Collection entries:
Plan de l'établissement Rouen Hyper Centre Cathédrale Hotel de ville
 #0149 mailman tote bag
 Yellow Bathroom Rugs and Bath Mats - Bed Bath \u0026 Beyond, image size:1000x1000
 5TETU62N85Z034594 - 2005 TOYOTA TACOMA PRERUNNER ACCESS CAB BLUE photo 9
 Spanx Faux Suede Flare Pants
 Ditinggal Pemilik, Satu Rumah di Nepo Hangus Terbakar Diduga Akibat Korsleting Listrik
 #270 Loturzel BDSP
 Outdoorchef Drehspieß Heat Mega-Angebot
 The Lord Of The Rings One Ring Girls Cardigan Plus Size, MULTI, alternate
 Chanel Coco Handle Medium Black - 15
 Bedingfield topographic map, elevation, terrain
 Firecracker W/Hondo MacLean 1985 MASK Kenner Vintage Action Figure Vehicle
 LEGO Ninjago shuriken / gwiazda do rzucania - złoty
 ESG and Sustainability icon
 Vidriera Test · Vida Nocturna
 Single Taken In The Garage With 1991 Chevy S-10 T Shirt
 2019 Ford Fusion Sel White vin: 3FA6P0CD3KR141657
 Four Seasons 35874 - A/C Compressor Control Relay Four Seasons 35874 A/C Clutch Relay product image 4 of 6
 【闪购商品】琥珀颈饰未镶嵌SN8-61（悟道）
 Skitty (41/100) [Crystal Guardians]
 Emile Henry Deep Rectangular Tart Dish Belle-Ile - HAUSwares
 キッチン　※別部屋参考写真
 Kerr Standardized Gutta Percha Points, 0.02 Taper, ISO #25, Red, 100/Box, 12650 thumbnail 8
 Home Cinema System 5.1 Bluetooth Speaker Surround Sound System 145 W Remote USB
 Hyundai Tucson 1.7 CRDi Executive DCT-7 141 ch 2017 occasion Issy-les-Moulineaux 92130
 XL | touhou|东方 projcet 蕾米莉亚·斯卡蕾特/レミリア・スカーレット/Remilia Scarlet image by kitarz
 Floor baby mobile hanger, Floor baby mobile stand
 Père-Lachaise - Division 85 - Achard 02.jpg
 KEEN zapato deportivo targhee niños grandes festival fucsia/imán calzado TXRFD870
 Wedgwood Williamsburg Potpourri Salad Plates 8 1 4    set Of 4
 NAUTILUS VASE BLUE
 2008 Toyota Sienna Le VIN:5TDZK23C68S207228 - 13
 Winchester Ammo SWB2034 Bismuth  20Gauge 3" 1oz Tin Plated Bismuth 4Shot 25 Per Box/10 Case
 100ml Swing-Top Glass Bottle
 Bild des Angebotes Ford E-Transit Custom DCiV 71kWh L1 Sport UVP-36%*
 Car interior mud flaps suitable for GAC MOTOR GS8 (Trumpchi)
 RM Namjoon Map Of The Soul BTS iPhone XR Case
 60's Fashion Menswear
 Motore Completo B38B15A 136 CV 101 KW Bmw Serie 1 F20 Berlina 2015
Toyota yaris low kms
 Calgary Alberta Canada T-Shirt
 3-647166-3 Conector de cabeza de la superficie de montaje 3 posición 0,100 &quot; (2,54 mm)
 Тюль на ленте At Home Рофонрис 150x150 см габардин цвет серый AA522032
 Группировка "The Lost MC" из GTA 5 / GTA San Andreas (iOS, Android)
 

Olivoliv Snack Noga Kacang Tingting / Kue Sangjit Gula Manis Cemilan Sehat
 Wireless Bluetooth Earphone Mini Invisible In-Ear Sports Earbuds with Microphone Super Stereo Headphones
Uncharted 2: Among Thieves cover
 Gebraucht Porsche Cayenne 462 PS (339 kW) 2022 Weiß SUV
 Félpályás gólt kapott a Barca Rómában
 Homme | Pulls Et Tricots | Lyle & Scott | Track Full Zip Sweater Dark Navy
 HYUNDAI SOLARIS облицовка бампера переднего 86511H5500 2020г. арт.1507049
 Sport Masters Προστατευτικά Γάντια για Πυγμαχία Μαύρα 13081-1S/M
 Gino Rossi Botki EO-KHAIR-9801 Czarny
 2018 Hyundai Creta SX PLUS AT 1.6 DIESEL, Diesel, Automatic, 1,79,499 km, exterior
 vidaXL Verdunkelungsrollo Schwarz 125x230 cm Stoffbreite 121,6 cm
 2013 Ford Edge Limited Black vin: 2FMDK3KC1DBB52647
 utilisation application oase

§ **Prompt**
Nothing in the records should be left out; write all of them out again exactly.

§ **Written solution**
Plan de l'établissement Rouen Hyper Centre Cathédrale Hotel de ville
 #0149 mailman tote bag
 Yellow Bathroom Rugs and Bath Mats - Bed Bath \u0026 Beyond, image size:1000x1000
 5TETU62N85Z034594 - 2005 TOYOTA TACOMA PRERUNNER ACCESS CAB BLUE photo 9
 Spanx Faux Suede Flare Pants
 Ditinggal Pemilik, Satu Rumah di Nepo Hangus Terbakar Diduga Akibat Korsleting Listrik
 #270 Loturzel BDSP
 Outdoorchef Drehspieß Heat Mega-Angebot
 The Lord Of The Rings One Ring Girls Cardigan Plus Size, MULTI, alternate
 Chanel Coco Handle Medium Black - 15
 Bedingfield topographic map, elevation, terrain
 Firecracker W/Hondo MacLean 1985 MASK Kenner Vintage Action Figure Vehicle
 LEGO Ninjago shuriken / gwiazda do rzucania - złoty
 ESG and Sustainability icon
 Vidriera Test · Vida Nocturna
 Single Taken In The Garage With 1991 Chevy S-10 T Shirt
 2019 Ford Fusion Sel White vin: 3FA6P0CD3KR141657
 Four Seasons 35874 - A/C Compressor Control Relay Four Seasons 35874 A/C Clutch Relay product image 4 of 6
 【闪购商品】琥珀颈饰未镶嵌SN8-61（悟道）
 Skitty (41/100) [Crystal Guardians]
 Emile Henry Deep Rectangular Tart Dish Belle-Ile - HAUSwares
 キッチン　※別部屋参考写真
 Kerr Standardized Gutta Percha Points, 0.02 Taper, ISO #25, Red, 100/Box, 12650 thumbnail 8
 Home Cinema System 5.1 Bluetooth Speaker Surround Sound System 145 W Remote USB
 Hyundai Tucson 1.7 CRDi Executive DCT-7 141 ch 2017 occasion Issy-les-Moulineaux 92130
 XL | touhou|东方 projcet 蕾米莉亚·斯卡蕾特/レミリア・スカーレット/Remilia Scarlet image by kitarz
 Floor baby mobile hanger, Floor baby mobile stand
 Père-Lachaise - Division 85 - Achard 02.jpg
 KEEN zapato deportivo targhee niños grandes festival fucsia/imán calzado TXRFD870
 Wedgwood Williamsburg Potpourri Salad Plates 8 1 4    set Of 4
 NAUTILUS VASE BLUE
 2008 Toyota Sienna Le VIN:5TDZK23C68S207228 - 13
 Winchester Ammo SWB2034 Bismuth  20Gauge 3" 1oz Tin Plated Bismuth 4Shot 25 Per Box/10 Case
 100ml Swing-Top Glass Bottle
 Bild des Angebotes Ford E-Transit Custom DCiV 71kWh L1 Sport UVP-36%*
 Car interior mud flaps suitable for GAC MOTOR GS8 (Trumpchi)
 RM Namjoon Map Of The Soul BTS iPhone XR Case
 60's Fashion Menswear
 Motore Completo B38B15A 136 CV 101 KW Bmw Serie 1 F20 Berlina 2015
Toyota yaris low kms
 Calgary Alberta Canada T-Shirt
 3-647166-3 Conector de cabeza de la superficie de montaje 3 posición 0,100 &quot; (2,54 mm)
 Тюль на ленте At Home Рофонрис 150x150 см габардин цвет серый AA522032
 Группировка "The Lost MC" из GTA 5 / GTA San Andreas (iOS, Android)
 

Olivoliv Snack Noga Kacang Tingting / Kue Sangjit Gula Manis Cemilan Sehat
 Wireless Bluetooth Earphone Mini Invisible In-Ear Sports Earbuds with Microphone Super Stereo Headphones
Uncharted 2: Among Thieves cover
 Gebraucht Porsche Cayenne 462 PS (339 kW) 2022 Weiß SUV
 Félpályás gólt kapott a Barca Rómában
 Homme | Pulls Et Tricots | Lyle & Scott | Track Full Zip Sweater Dark Navy
 HYUNDAI SOLARIS облицовка бампера переднего 86511H5500 2020г. арт.1507049
 Sport Masters Προστατευτικά Γάντια για Πυγμαχία Μαύρα 13081-1S/M
 Gino Rossi Botki EO-KHAIR-9801 Czarny
 2018 Hyundai Creta SX PLUS AT 1.6 DIESEL, Diesel, Automatic, 1,79,499 km, exterior
 vidaXL Verdunkelungsrollo Schwarz 125x230 cm Stoffbreite 121,6 cm
 2013 Ford Edge Limited Black vin: 2FMDK3KC1DBB52647
 utilisation application oase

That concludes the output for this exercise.